13: çünkü hepsini sen istedin

774 65 128
                                    

The Cranberries - Still Can't

İki Gün Sonra

Harris'in herkesi lanetlediği dersin sınıfından hızlı adımlarla çıkmış, kalan beş dersin nasıl geçeceğini düşünmeye başlamıştım. Okula gelmek başlı başına bir yorgunluk sebebiyken üstüne üstlük son yaşadığım olay bana hiç yardımcı olmamıştı, karşıma çıkmamak için daha çok mu dikkat ediyordu bilmiyordum lakin bugün onu hiç görmemiştim.

Onu her gördüğümde içimde oluşan hayal kırıklığı artarken zaten bozulmaya yer arayan moralim daha dipleri buluyordu, bu yüzden onu görmemek işime geliyordu bir nevi. Dolabıma vardığımda gelen öğrencilerin arasından bana doğru yaklaşan Scott'ı fark ettim, yanımdaki dolabı açtığında gözleri çaktırmadan bana bakmaya çalışıyor ve benim gözlerim ise dolabının içindeki süt koleksiyonu ile Scott arasında mekik dokuyordu.

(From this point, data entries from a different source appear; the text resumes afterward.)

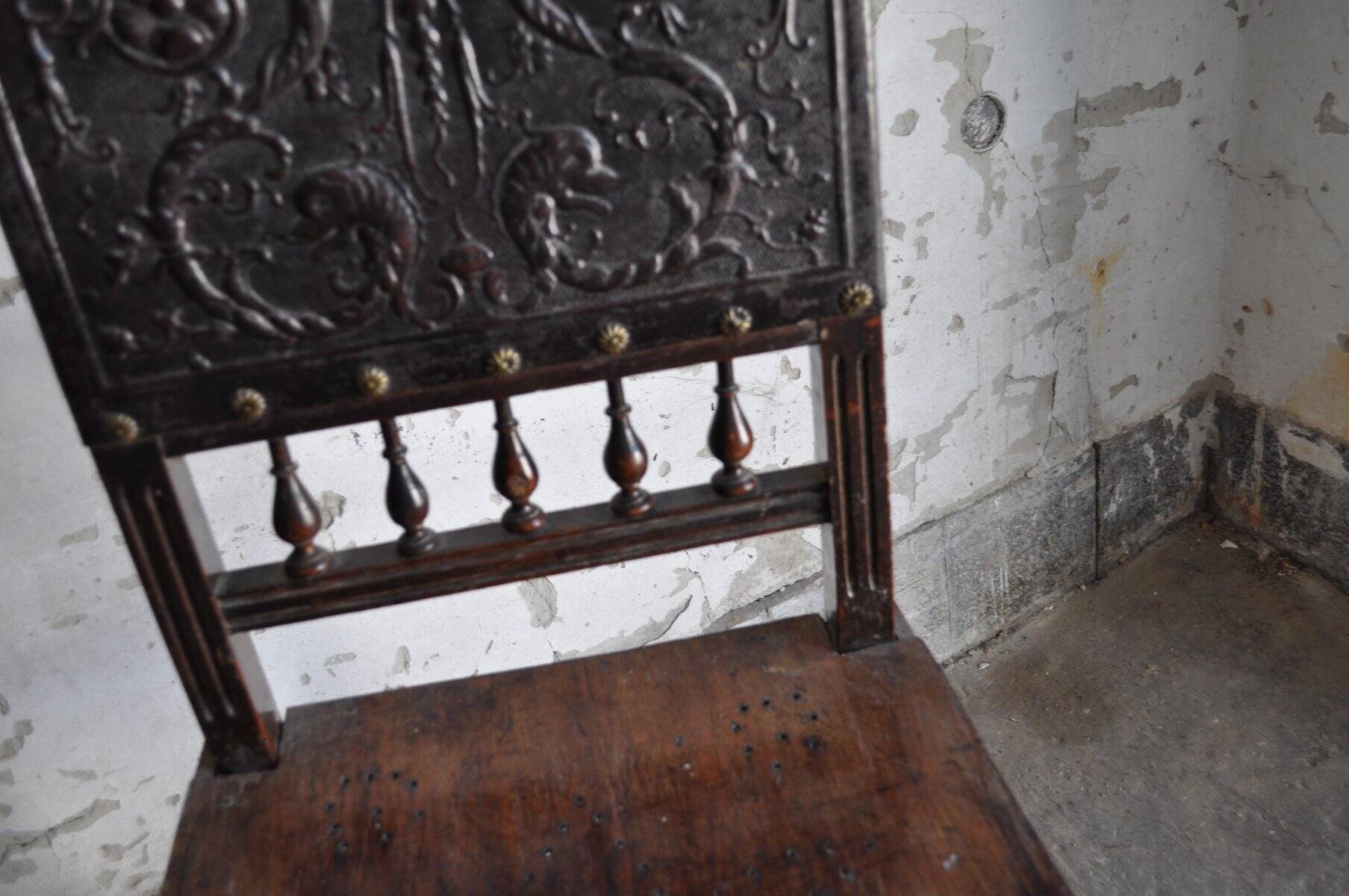 Pair of antique wooden and brown leather dining chairs, brass studs.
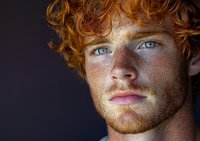 Young Caucasian man with curly red hair, freckles, and green eyes gazes intensely at camera in a close-up portrait on dark background.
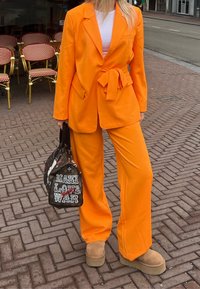 Blazer orange ajusté avec un pantalon assorti, présentant une ceinture à la taille. Chaussures à plateforme marron et un sac noir à motifs avec texte.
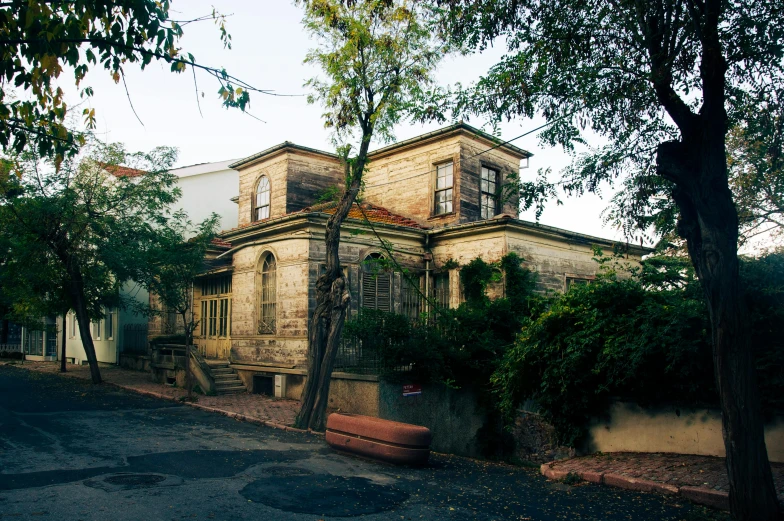 a large old house sitting in a tree filled sidewalk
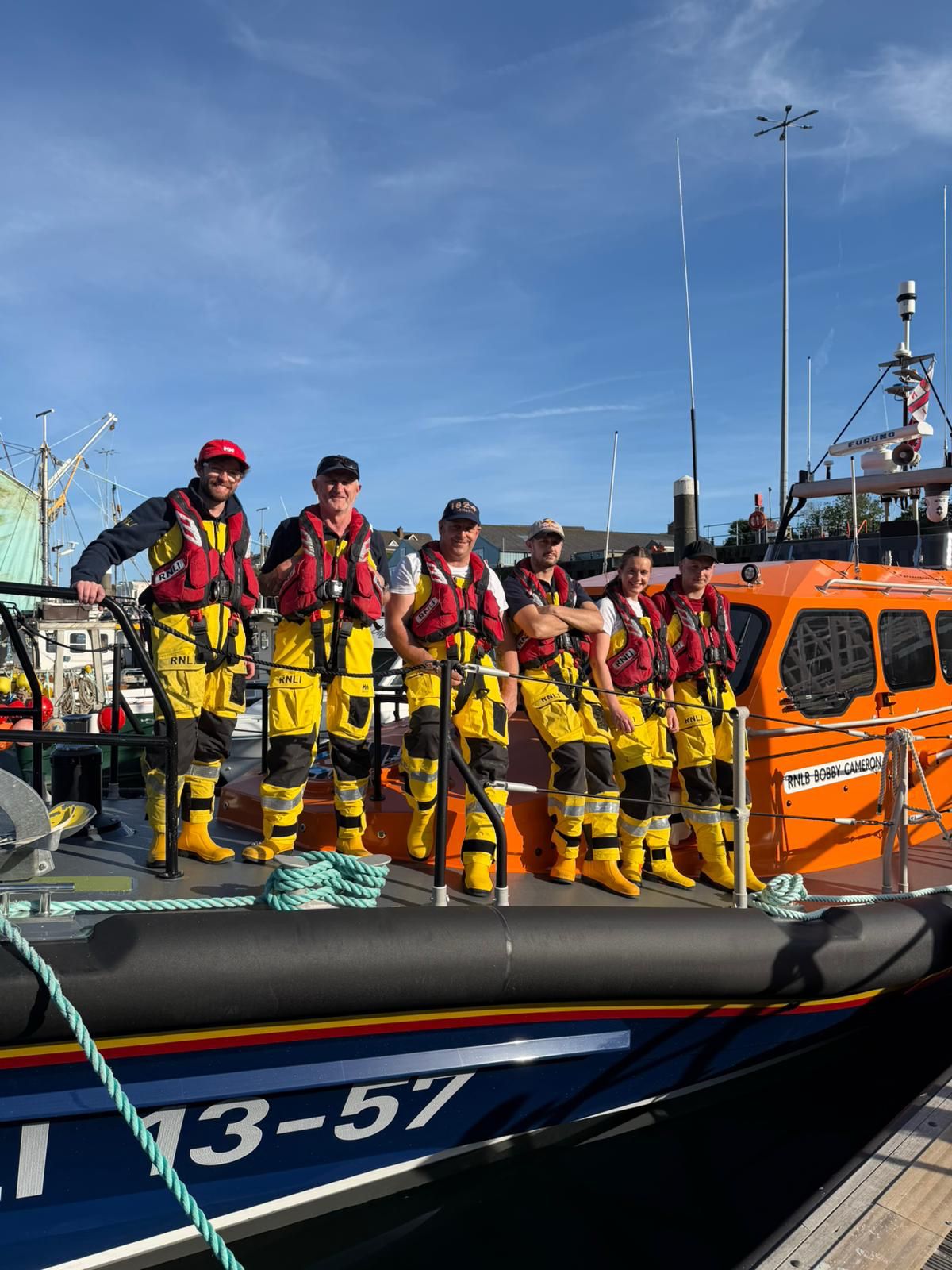 Crew involved in the rescue standing on the Kilkeel Shannon lifeboat port side.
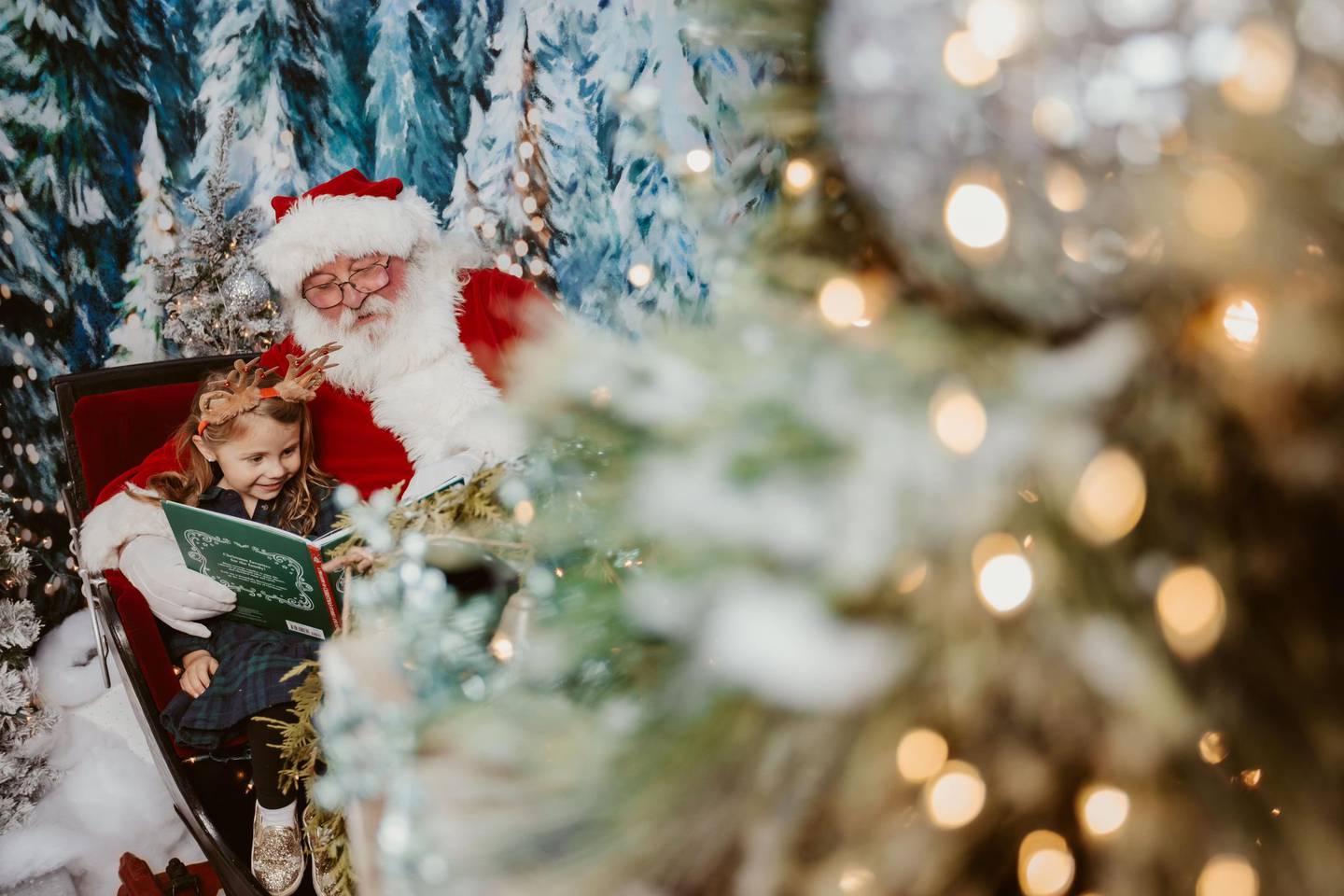 Eloise Lombardi (4) was first in line to tell Santa what she wants for Christmas at Locked In Photography during the annual Christmas walk in downtown Oswego on Friday, Dec. 2 2022.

Dolabında şimdiki ortak dersimizin kitabını ararken hâlâ ona bakmaya devam ettiğimi anlayınca oflayarak bana döndü ve, "Yine ne oldu Stiles?" dedi. İki gündür ona karşı bir garezim olduğu düşüncesine kapılmıştı ve haksız da sayılmazdı. "Çocuğa sürekli süt alana kadar şu kaç gündür sakladığın çiçekleri gösterseydin, ne bileyim öpseydin oğlum? Neden hep zor olanı denemek zorundayız ki?" Scott gözlerini devirdi ve aynı anda ikimiz de kitabımızı alıp dolabı kapattık. Sert yüzeye yaslanırken Scott bana döndü; "Dostum eninde sonunda zor olanı deneyen varsa o da sizsiniz! Başta sen ona hiçbir şey söylemedin sonra da o böyle aptal bir şeye kalkıştı, bence beni düşüneceğine şu an kendini düşünmen gerekiyor." Scott'ın bu sitemine bir cevap vermek istemedim, sonuç olarak ikimiz de bir saçmalığın içerisindeydik ve taviz vermediğimiz sürece hiçbir şey düzelmeyecekti.

Fakat taviz verme rolü şu an kesinlikle aptal deltanın olmalıydı. Ben değil. Bu sefer enayi olmayacaktım.

Beraber sınıfa doğru yol alırken Lydia'da yanımıza geldi ve Allison ile olan dün geceki buluşmalarından bahsetmeye başladı. Başka alemlerde kim bilir neler düşünen Scott'a kıyasla ben dinlemeye çalışıyordum. "Diğer günlere kıyasla tepe daha serindi. Ve fazla içmedik ama Ally'nin yanaklarını görmen gerekiyordu," birkaç saniye duraksadı ve sanki bir şey söylemişim gibi kaşlarını çattı, "hey ya da görme neden göresin ki? Neyse, orada onunla sabaha kadar bir sürü şey hakkında konuştuk, eve girdiğim gibi hazırlanıp çıkmak zorunda kaldım." Gülümsemeye çabaladım, normalde ilişkilerine hayranken ve sorular sormaktan bıkmazken şimdi sadece garip hissediyordum ve yüzüm sahte mimiklere bürünüyordu.

"Of Stiles! Ben seni böyle görmeye alışık değilim ki? Konuş artık şununla kurtulalım!" Gözlerimi devirdim, kendi ayaklarımla onun yanına gitmek gibi bir niyetim asla yoktu. Ben bir cevap vermeyince kolumu dürttü ve gülünç bir sesle; "Yoksa dövmemizi mi bekliyorsun?" dedi. Sınıftan içeri girerken gördüğüm yüzle Lydia'ya tamamen istemsizce sırıttım. "Nereden bildin?" Göz göze geldiğimizde pişmanlıkla dolu gözleri çok şey anlatıyordu ama ben dinlemek yerine yüzüne bir yumruk atmayı daha çok tercih edebilirdim.

Lydia arkama geçerken Scott ise yanıma geçti, olaydan beri böyleydik, sanki kendimi koruyamayacakmışım gibi davranmaları sinirlendiriyordu. Artı olarak Lydia'nın daha sıraya oturduğum saniyeden sırtımı çimdiklemeye başlaması cabasıydı. Arkamı dönmeme bile kalmadan sinirli çıkan sesiyle kulağıma fısıldadı; "Sürekli göz göze gelme şununla, umursuyormuş gibi duruyorsun!" Bu aptalca uyarı üzerine oflayıp görmezden gelmeye çalıştım, gerçekten, içimdeki kinle nasıl umursuyormuş gibi durabilirdim?